Konflikt Barcelony z Madrytem jest rezultatem uznanego przez władze centralne za nielegalne referendum w Katalonii z 1 października: w plebiscycie wzięło udział około 2,28 mln ludzi (spośród 5,3 mln uprawnionych), a 90,18 procent głosujących opowiedziało się za niepodległością regionu.

10 października Puigdemont ogłosił w katalońskim parlamencie, że przyjmuje mandat obywateli do ogłoszenia niepodległości, ale jednocześnie wezwał katalońskich deputowanych do odroczenia secesji o kilka tygodni, by umożliwić negocjacje z rządem w Madrycie. Następnie Puigdemont podpisał deklarację niepodległości wzywającą inne państwa do uznania "republiki Katalonii".

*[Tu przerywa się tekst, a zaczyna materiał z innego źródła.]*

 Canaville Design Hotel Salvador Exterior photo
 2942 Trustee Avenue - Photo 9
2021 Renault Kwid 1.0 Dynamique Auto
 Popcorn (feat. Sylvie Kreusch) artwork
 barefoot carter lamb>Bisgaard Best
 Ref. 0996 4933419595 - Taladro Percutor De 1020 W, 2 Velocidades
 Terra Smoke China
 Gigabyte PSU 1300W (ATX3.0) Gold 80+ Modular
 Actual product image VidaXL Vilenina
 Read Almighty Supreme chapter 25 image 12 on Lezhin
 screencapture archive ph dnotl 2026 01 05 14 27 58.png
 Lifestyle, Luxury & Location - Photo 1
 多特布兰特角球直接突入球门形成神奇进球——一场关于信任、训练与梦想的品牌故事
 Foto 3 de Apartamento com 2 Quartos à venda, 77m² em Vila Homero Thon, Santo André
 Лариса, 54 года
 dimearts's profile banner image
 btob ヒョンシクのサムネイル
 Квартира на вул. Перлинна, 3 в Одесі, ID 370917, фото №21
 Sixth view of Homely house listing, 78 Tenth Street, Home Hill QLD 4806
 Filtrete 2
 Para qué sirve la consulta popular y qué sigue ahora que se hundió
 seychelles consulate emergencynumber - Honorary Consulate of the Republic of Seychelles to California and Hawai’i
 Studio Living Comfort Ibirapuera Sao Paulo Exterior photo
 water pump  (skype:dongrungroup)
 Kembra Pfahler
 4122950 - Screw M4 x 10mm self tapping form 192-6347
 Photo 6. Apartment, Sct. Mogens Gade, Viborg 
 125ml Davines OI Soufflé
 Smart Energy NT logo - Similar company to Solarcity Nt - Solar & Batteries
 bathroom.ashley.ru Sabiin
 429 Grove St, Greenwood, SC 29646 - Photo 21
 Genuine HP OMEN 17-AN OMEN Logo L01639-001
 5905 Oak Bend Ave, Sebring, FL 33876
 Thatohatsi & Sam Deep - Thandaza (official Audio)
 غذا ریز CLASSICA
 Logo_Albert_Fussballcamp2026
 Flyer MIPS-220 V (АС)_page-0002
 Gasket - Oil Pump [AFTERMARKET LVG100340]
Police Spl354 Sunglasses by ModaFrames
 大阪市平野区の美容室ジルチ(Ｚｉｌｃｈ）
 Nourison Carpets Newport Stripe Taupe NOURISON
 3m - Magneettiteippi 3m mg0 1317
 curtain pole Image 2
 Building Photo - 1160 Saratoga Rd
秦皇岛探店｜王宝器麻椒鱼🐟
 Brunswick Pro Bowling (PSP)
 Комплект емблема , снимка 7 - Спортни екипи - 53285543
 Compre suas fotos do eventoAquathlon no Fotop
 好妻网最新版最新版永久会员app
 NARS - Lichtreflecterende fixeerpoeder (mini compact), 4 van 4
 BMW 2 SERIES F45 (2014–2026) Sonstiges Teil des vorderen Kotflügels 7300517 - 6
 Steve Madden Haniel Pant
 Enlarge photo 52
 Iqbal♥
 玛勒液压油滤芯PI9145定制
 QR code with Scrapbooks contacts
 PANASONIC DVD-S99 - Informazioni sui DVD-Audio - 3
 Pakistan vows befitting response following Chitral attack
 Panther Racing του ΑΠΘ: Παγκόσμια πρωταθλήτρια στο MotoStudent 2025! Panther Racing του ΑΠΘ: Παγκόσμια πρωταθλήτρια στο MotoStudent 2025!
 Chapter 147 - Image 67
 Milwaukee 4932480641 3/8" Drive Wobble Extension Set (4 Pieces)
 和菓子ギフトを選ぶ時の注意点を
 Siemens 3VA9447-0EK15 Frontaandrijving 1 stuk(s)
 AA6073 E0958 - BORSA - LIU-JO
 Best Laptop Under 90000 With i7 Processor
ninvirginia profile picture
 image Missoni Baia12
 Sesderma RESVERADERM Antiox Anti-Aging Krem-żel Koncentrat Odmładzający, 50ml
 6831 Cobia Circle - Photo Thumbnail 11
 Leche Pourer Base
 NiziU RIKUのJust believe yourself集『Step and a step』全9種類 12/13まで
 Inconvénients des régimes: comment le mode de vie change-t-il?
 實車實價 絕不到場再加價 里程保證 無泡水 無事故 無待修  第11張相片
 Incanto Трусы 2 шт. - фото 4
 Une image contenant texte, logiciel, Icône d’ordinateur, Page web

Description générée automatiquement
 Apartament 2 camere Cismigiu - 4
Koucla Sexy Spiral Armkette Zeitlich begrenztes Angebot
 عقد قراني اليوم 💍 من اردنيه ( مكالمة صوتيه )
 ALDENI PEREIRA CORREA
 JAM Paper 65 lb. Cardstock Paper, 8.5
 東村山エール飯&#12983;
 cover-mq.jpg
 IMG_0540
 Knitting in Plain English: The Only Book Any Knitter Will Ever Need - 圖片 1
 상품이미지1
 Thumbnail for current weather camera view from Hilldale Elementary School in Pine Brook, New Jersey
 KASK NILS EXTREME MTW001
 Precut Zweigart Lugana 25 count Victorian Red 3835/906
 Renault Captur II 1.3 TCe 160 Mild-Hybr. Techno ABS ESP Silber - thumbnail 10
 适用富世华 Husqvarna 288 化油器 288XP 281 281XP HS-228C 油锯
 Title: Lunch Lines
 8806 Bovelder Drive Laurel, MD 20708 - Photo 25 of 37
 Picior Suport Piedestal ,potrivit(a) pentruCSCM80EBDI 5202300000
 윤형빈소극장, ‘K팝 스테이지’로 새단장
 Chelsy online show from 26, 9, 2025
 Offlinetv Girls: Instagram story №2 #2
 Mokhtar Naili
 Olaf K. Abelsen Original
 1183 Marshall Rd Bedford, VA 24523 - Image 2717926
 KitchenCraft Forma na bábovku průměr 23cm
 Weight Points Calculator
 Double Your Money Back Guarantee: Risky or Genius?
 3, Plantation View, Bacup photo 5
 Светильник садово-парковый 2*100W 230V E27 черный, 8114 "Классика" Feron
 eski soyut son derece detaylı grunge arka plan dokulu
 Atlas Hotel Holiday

W reakcji na te wydarzenia rząd centralny dał Puigdemontowi czas do poniedziałku 16 października, by wyjaśnił, czy w swym wystąpieniu ogłosił niepodległość regionu. W wezwaniu napisano, że jeśli Puigdemont potwierdzi secesję lub jeśli nie odpowie władzom centralnym, to dostanie kolejne trzy dni - do czwartku 19 października do godziny 10:00 - na skorygowanie swego stanowiska. W przeciwnym razie uruchomiony miałby zostać artykuł 155 hiszpańskiej konstytucji, który umożliwia zawieszenie autonomii Katalonii.